In this field too however, there have always been subtle forerunners.

So the other day I was typing a speech on my laptop (it runs Windows 7). I was helping out a friend’s parent by writing her speech for her retirement dinner.

I always use Avafind to trace my references and resources. I think the wizards who created Avafind deserve better, it’s the quickest way to anything on ones computer.

This time however, I clicked the windows start button, and in the search box under my programs,typed the word “Speech”.

You would never guess what happened. If you haven’t tried it, you should.

Up pops this little elliptical chrome interface with a microphone,a mic meter, a darkened text instruction screen with the silvery words “listening”.

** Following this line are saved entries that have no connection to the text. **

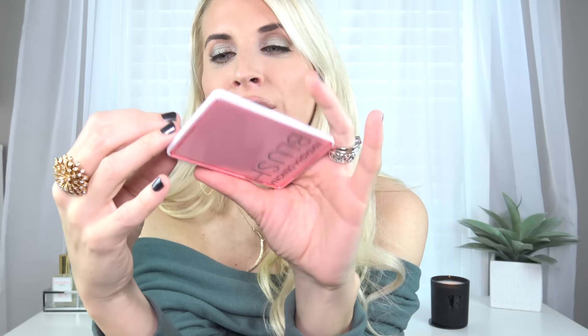I also got a Natasha Denona blush duo — it's number eight. Trisha told me I needed this product. Tau Tau is in pretty much all of her blush duos, and then there's this pastel peach color. They're really matte and pretty. I tried to swatch it but for some reason they're not swatching great — but I wore this the entire time I was in LA and I love it. It wears very well. Sometimes products just do that.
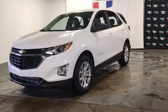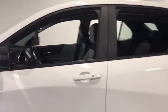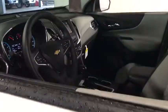Come test drive the 2020 Chevrolet Equinox. Fuel efficiency, safety, and value equals the Chevy Equinox. This vehicle has less than 100 miles. Here are some of this vehicle's great options.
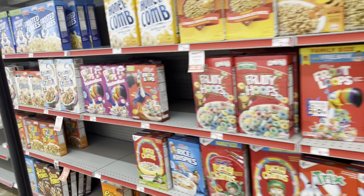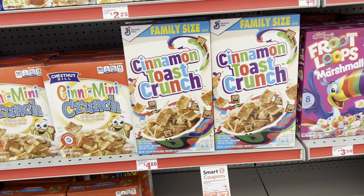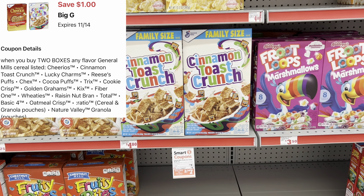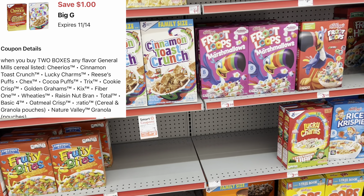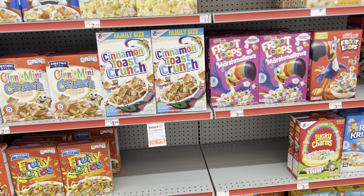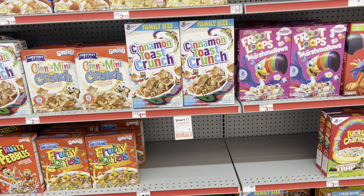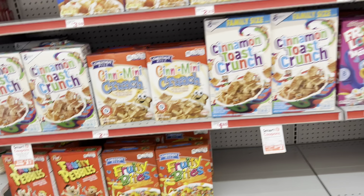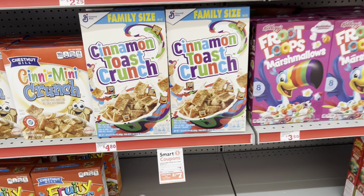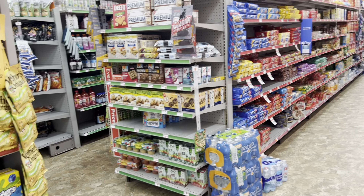For cereal, select Family Size General Mills cereals, normally $4.80, are two for $8 this week. We got one-off-of-two digital coupons, and we've gotten Ibotta cashback rebates too. The digital works for smaller boxes, but consider the family size since they're two for $8.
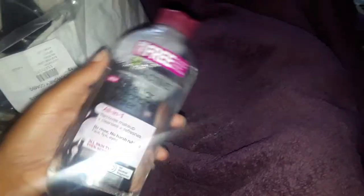Another free thing I got from CVS — I had the travel size before, but I got the big micellar cleansing water. It takes the makeup off your face with no harsh chemicals, oil, or fragrance. It's good for sensitive skin, and I have sensitive skin. You also get some cleansing wipes with it. I got this for free using my CVS rewards.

So this little tyke is Microsoft’s speech recognition software for Windows, and she’s been here on my laptop all this time!

Its a pretty nifty bit of software. The commands on windows are not so puny as those one handles on Siri, so it requires a bit of machine learning for it to understand how you speak and say certain words, through some tutorials, where it gives you sentences to dictate to your computer.

You also need some learning too, the commands on how to switch from application to application, open different programs, exit, open a tab…

The best aspect is the dictation feature, which works pretty well.

The concept takes some getting used to, and unlearning typing to familiarize oneself to speaking to the computer is no mean feat, especially the aspects of thought process and flow of ideas. I may soon be posting blogs fully from dictation, but not just yet…

when you try it you quickly realize how complicated some of the tasks on a computer are.

The ability of the machine to first learn to listen to you, and then compute your commands into functions is pretty impressive.

I really admire the guys at call centers doing remote PC helpdesk. Ever tried to remotely help someone to carry out a Word or Excel task that they have never done before?

“ click on…go down the menu, click on this, right click …” Its pretty hard work.Especially when the person on the other end is not a power user.

Right now as is, Microsoft’s speech recog software is not plug and play, however, I am certain with the current interest in speech recognition software, Windows 8 will have some pretty impressive speech features. They actually hint at this on the Windows 8 Beta Portal.